- _Problem requirements_
Take the records below and set down exactly the lines from the one with "اسباب تساقط الشعر" to the one with "Upper gastrointestinal endoscopy", ends included; do not copy the pictures.

- _Source records_
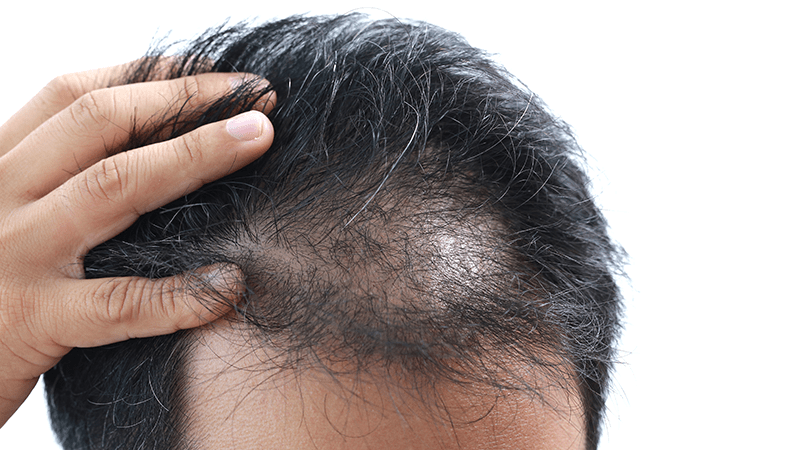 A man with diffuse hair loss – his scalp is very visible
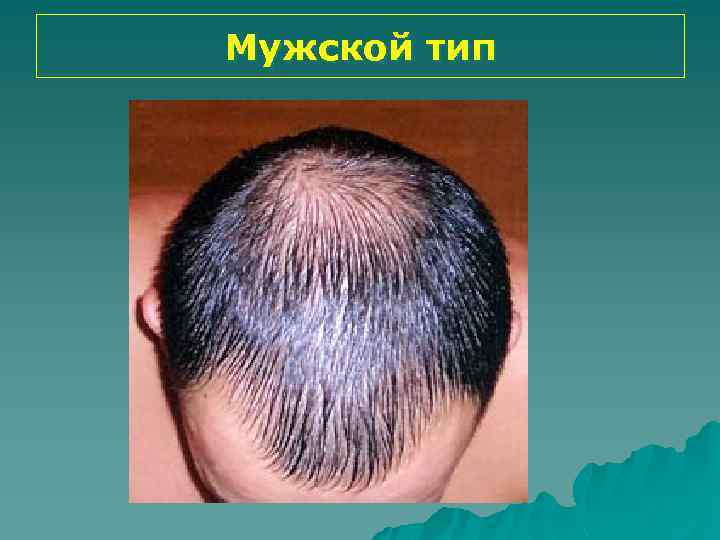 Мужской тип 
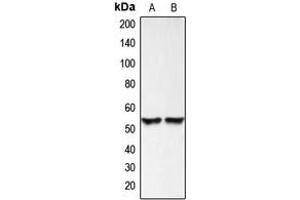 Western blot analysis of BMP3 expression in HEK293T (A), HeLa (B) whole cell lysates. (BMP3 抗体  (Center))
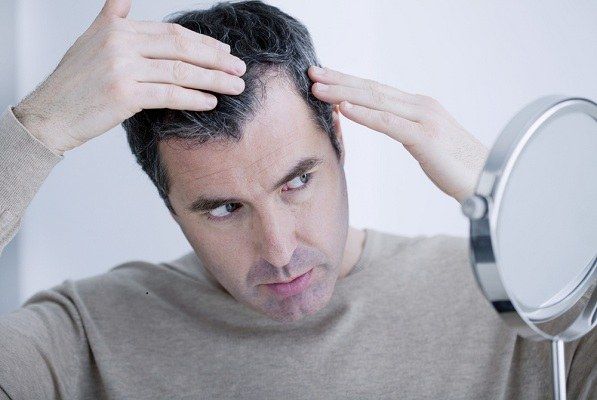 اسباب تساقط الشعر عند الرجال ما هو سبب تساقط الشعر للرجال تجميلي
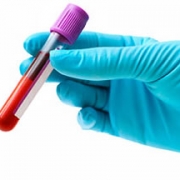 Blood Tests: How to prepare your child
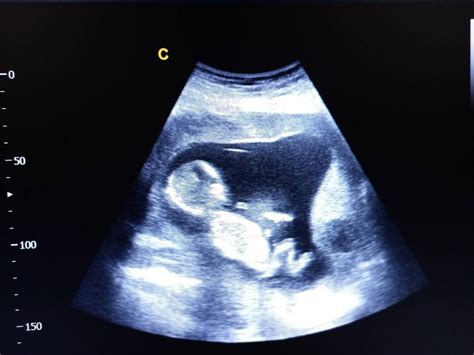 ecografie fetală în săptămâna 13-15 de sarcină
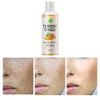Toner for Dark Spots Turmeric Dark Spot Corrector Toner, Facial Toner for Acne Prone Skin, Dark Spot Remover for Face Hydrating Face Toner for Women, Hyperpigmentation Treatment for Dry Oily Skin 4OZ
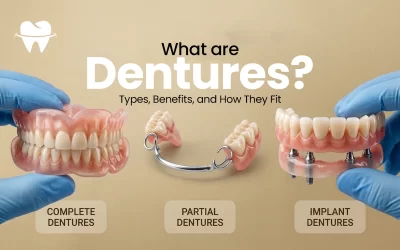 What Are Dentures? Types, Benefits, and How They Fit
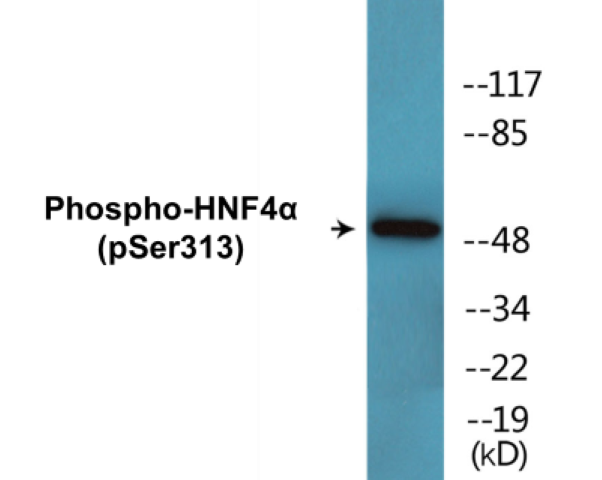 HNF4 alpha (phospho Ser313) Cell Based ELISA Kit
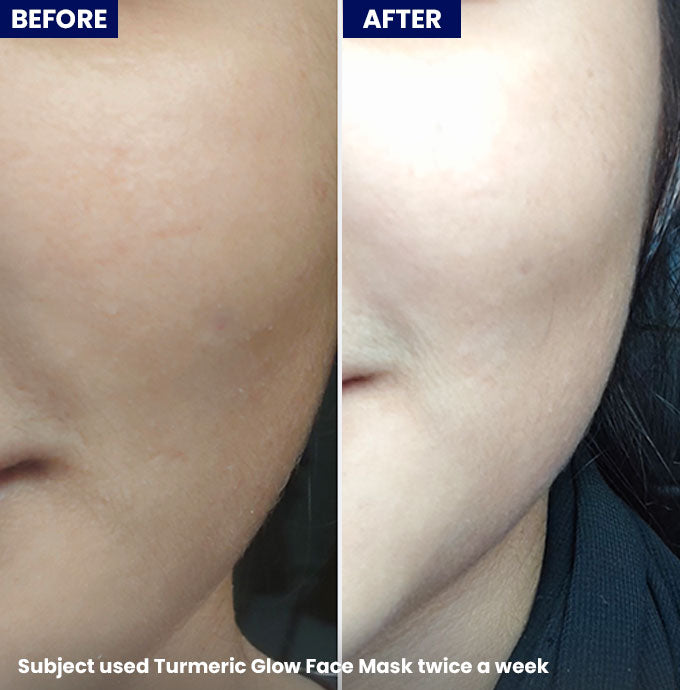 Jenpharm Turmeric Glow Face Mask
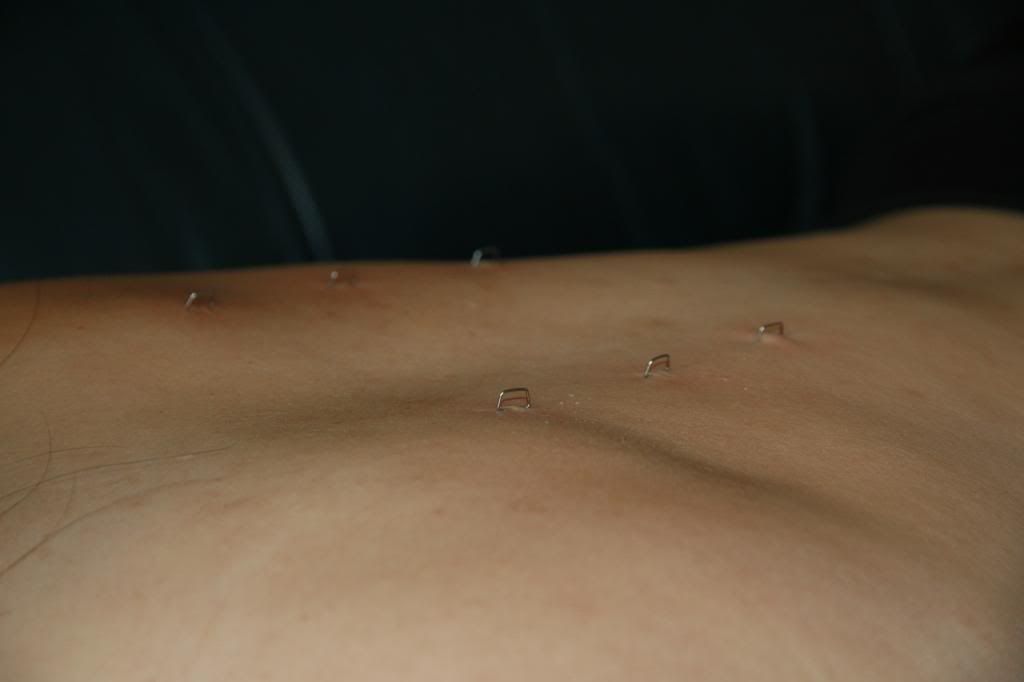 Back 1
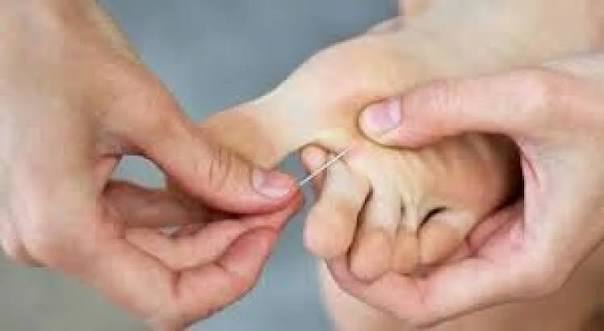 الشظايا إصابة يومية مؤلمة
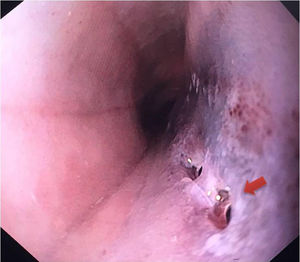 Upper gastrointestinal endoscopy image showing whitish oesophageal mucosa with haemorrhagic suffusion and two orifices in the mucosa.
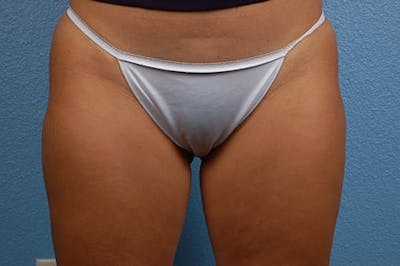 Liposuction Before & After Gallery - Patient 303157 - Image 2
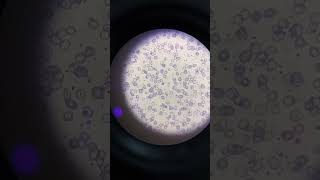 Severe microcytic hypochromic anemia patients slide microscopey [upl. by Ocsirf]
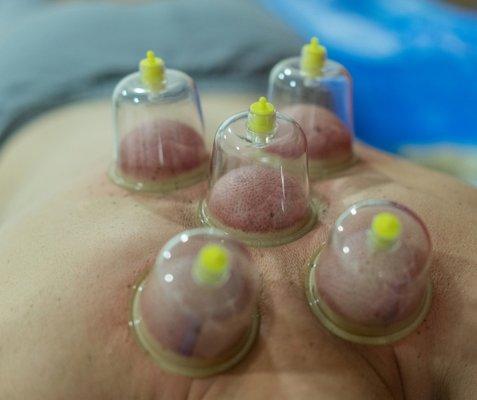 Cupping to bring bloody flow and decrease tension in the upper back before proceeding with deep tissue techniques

- _Result of this task_
 اسباب تساقط الشعر عند الرجال ما هو سبب تساقط الشعر للرجال تجميلي
 Blood Tests: How to prepare your child
 ecografie fetală în săptămâna 13-15 de sarcină
Toner for Dark Spots Turmeric Dark Spot Corrector Toner, Facial Toner for Acne Prone Skin, Dark Spot Remover for Face Hydrating Face Toner for Women, Hyperpigmentation Treatment for Dry Oily Skin 4OZ
 What Are Dentures? Types, Benefits, and How They Fit
 HNF4 alpha (phospho Ser313) Cell Based ELISA Kit
 Jenpharm Turmeric Glow Face Mask
 Back 1
 الشظايا إصابة يومية مؤلمة
 Upper gastrointestinal endoscopy image showing whitish oesophageal mucosa with haemorrhagic suffusion and two orifices in the mucosa.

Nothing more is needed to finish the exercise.